DATA SEGMENT.
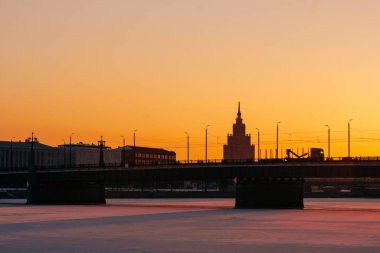 Güneşli bir günde şehre panoramik manzara, Riga, Letonya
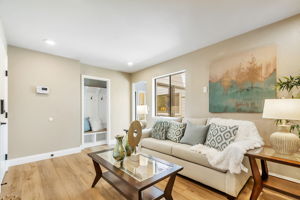 012_105 Strathmore Pl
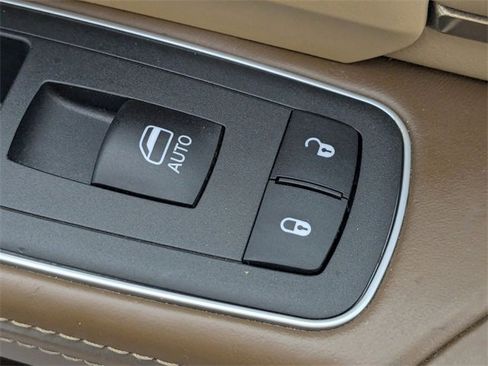 Used 2023 RAM 2500 Limited image 37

INSTRUCTIONS FOR THE TASK. Leaving the pictures out, output each line of the listing exactly.

ANSWER BOX.
 Güneşli bir günde şehre panoramik manzara, Riga, Letonya
 012_105 Strathmore Pl
 Used 2023 RAM 2500 Limited image 37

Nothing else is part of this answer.